April 10, 2026 ·7 min read·Deep Dive

What Load Testing a World Cup Audience Taught Us About Scaling

PayTable's first serious load test came back with P50 latency of 21 seconds and 40%+ error rate. Four days later: P50 at 160ms, error rate under 1.3%. Here's exactly what we fixed and why each intervention mattered.

By Igor Riera

There’s a version of load testing where you run a script, watch a graph climb, and feel good about what you see. That wasn’t our first run.

Our first serious load test against PayTable’s backend came back with a P50 latency of 21 seconds and an error rate above 40%. Not P99 - P50. Half of all requests were taking over 21 seconds. A restaurant customer placing a QR order, waiting 21 seconds to see a confirmation, and then probably closing the tab.
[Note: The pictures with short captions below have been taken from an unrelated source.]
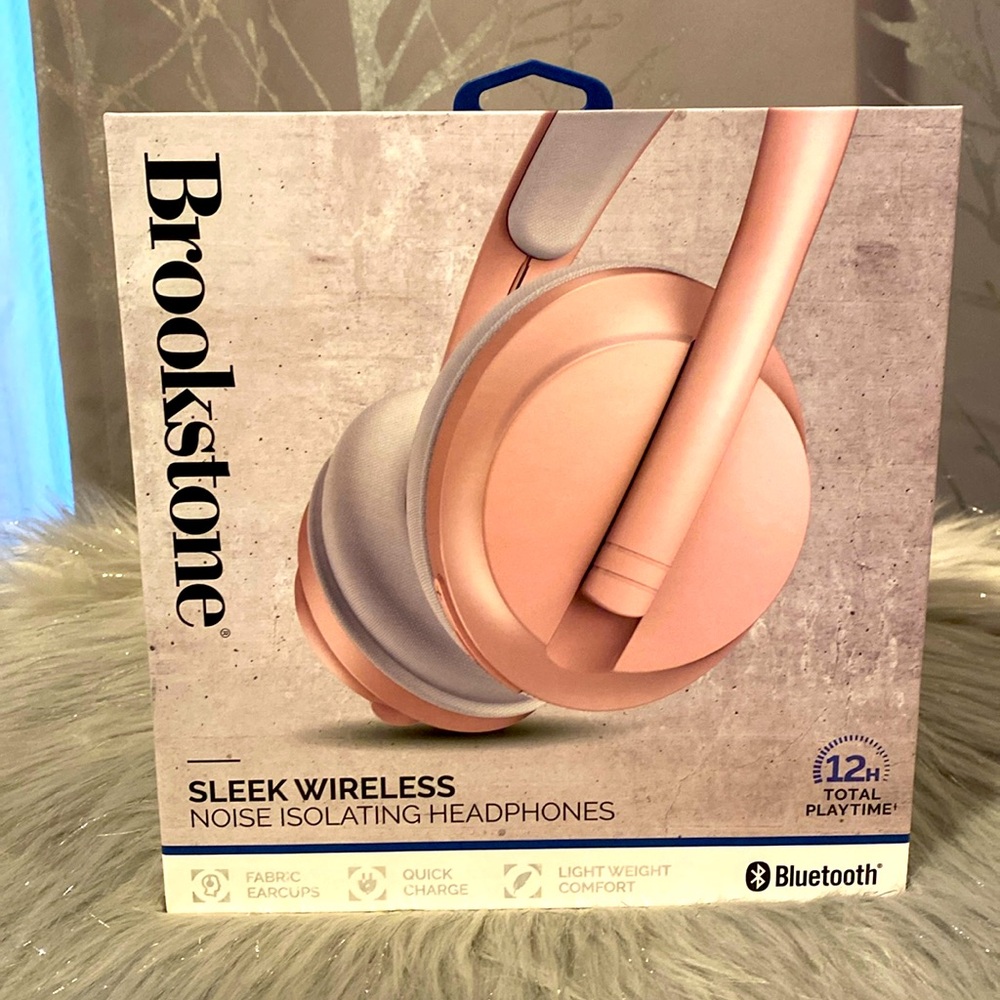 BNWT BROOKSTONE Sleek Wireless Bluetooth Noise Isolating Pink Headphones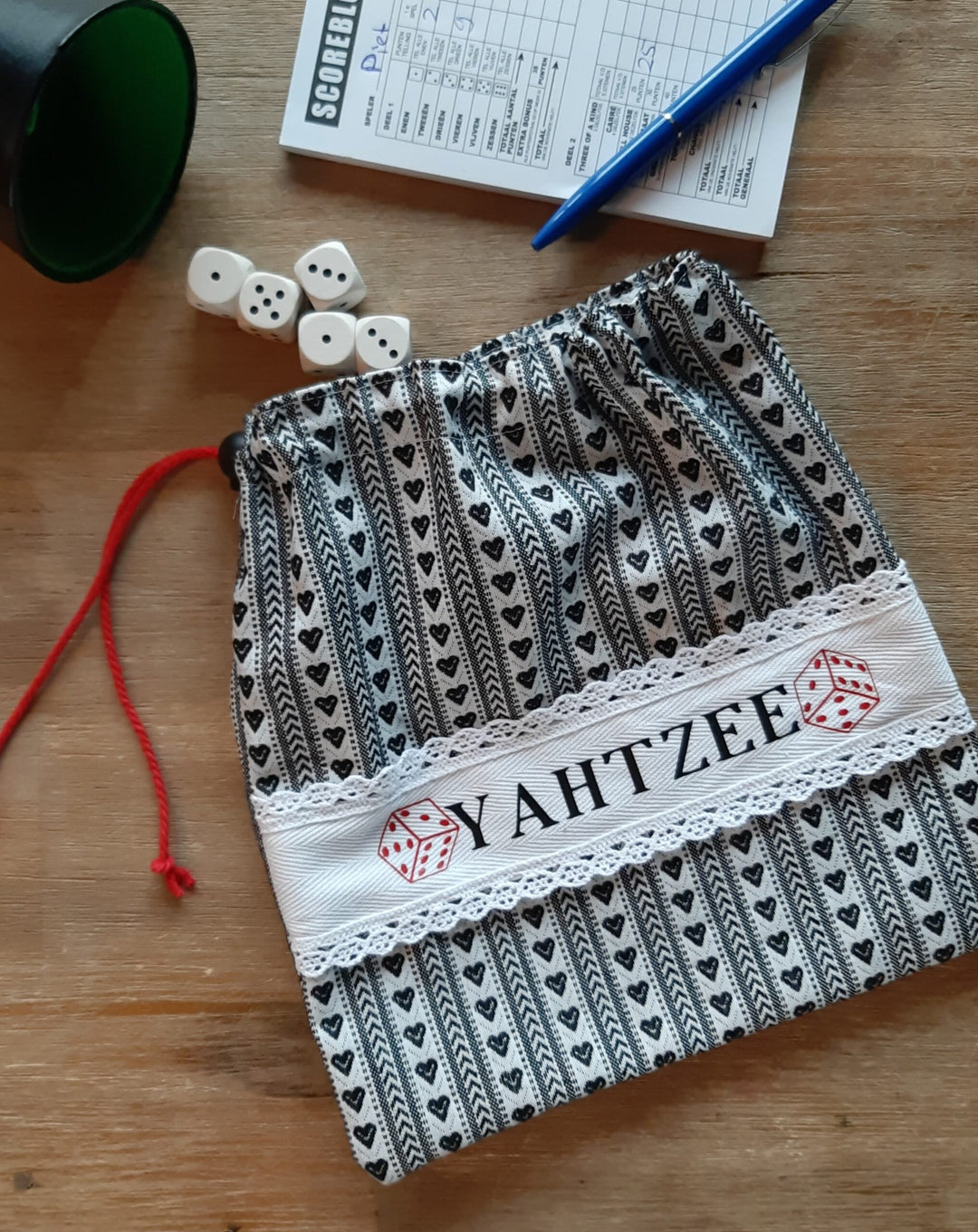 Yahtzee storage bag with white band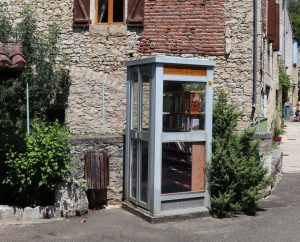 Outils du Passé - Saint-Vincent-Rive d'Olt - Ancienne cabine téléphonique (bourg) -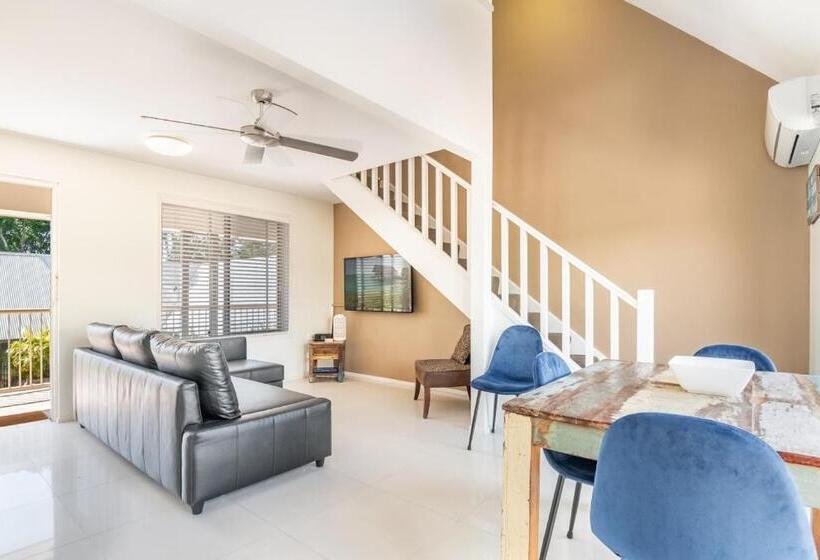 Апартаменты Deluxe 1 Спальня, Byron Central Apartments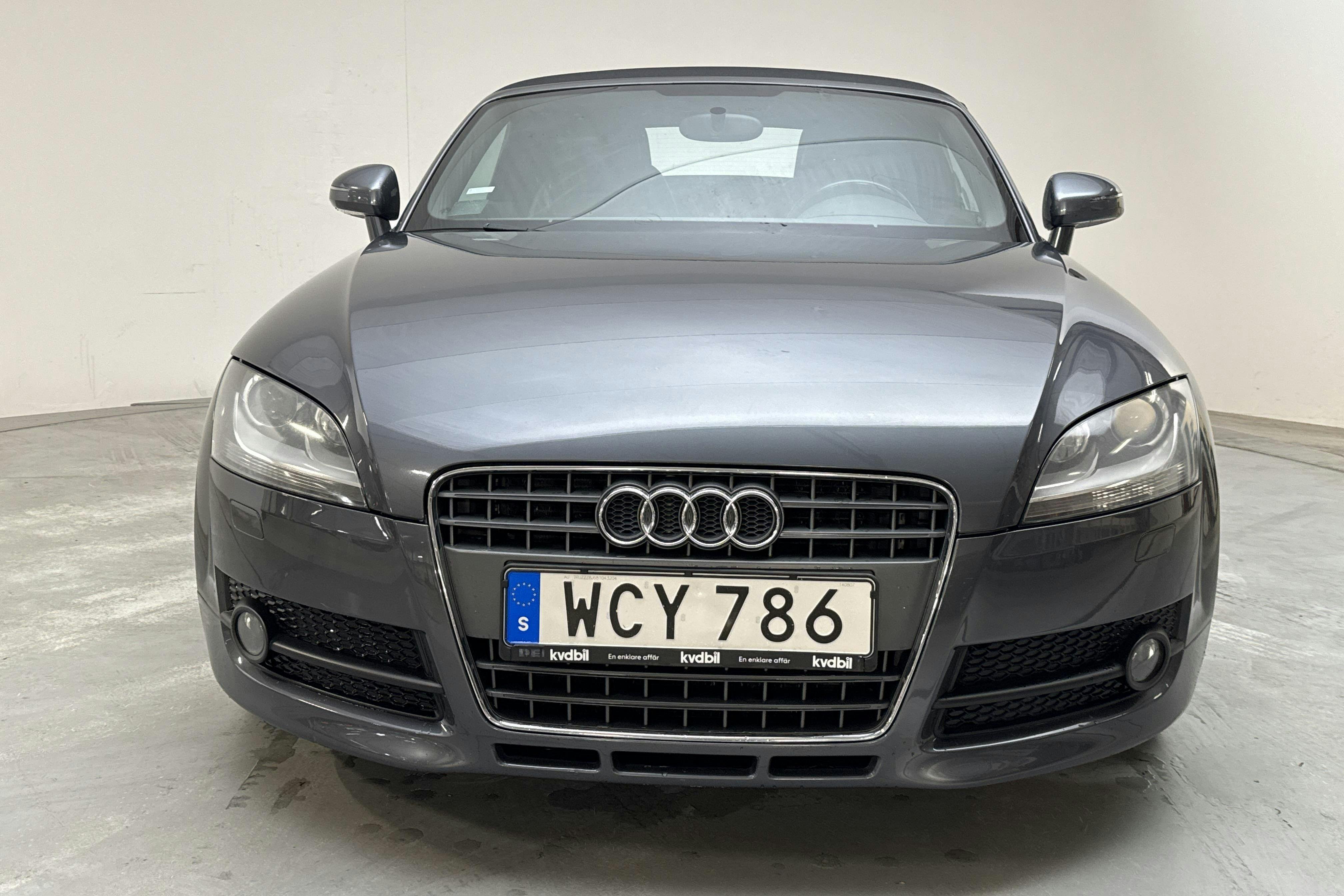 Vehicle Image 9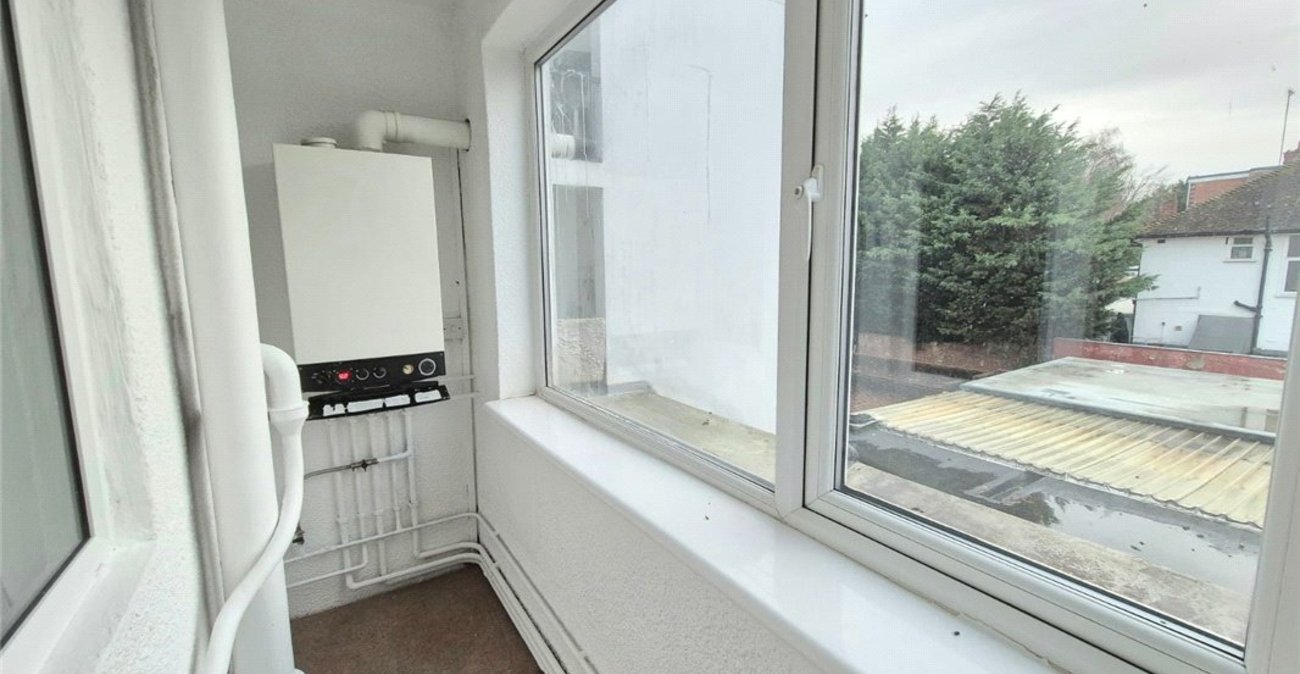 2 bedroom property for sale in Orpington | Robinson Jackson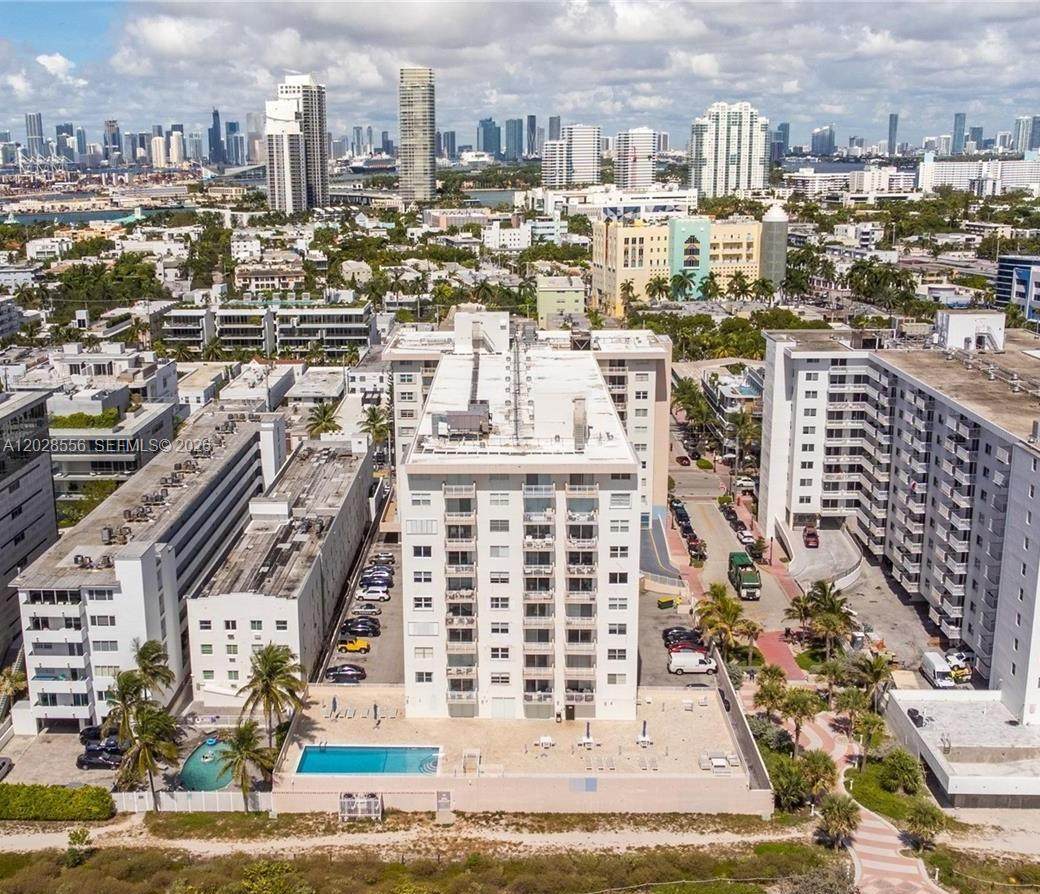345 Ocean Dr - Photo 1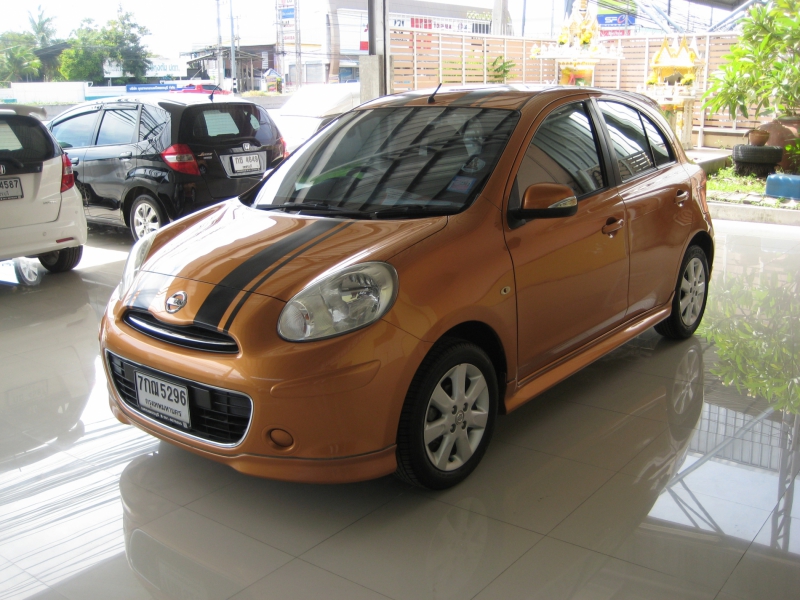 2012 NISSAN MARCH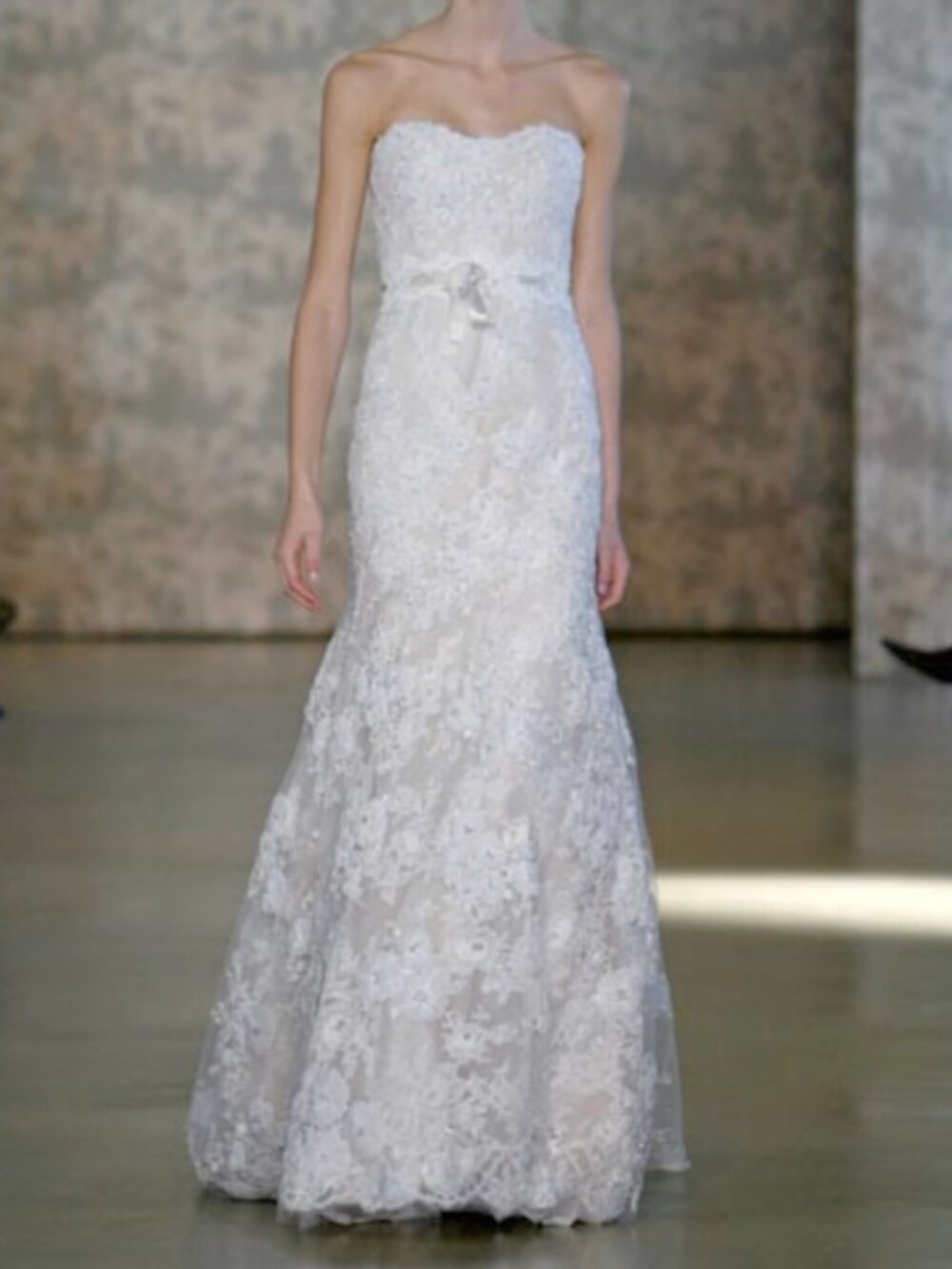 Vintage Monique Lhuillier Fall 2007 Lace Wedding Gown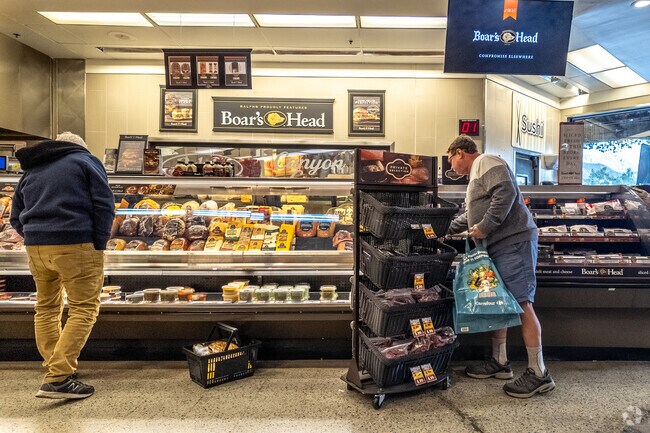 Ralphs Fresh Fare in Canyon Crest provides a wide selection of fresh and organic products.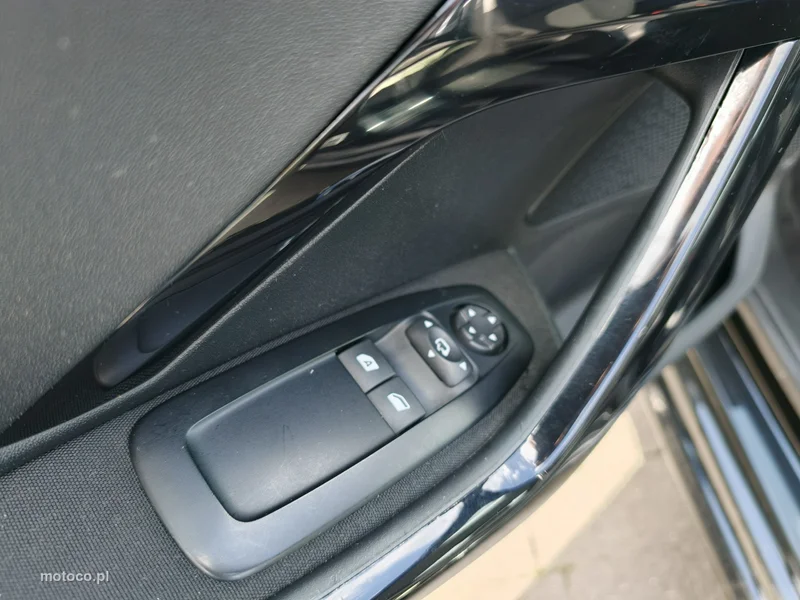 Peugeot 208 22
We’re targeting 2,000 restaurants for the 2026 World Cup. That number focused our thinking considerably.

What 21 Seconds Actually Means

PayTable is a QR ordering and payments operational platform we run in Mexico. The ordering flow is synchronous from the customer’s perspective: scan, browse, order, confirm. The latency budget for that confirm step is somewhere around 2 seconds before customers start losing trust in the system.

21 seconds isn’t a slow response, it’s a broken product.

The load profile we were testing against wasn’t exotic - concurrent ordering sessions across a simulated restaurant pool, with SignalR connections maintaining real-time state to kitchen displays, printer stations, and client devices for waiters and customers. This is the normal operating state of the platform. The difference between a typical Tuesday lunch service and a busy Friday during a World Cup group stage match is just volume.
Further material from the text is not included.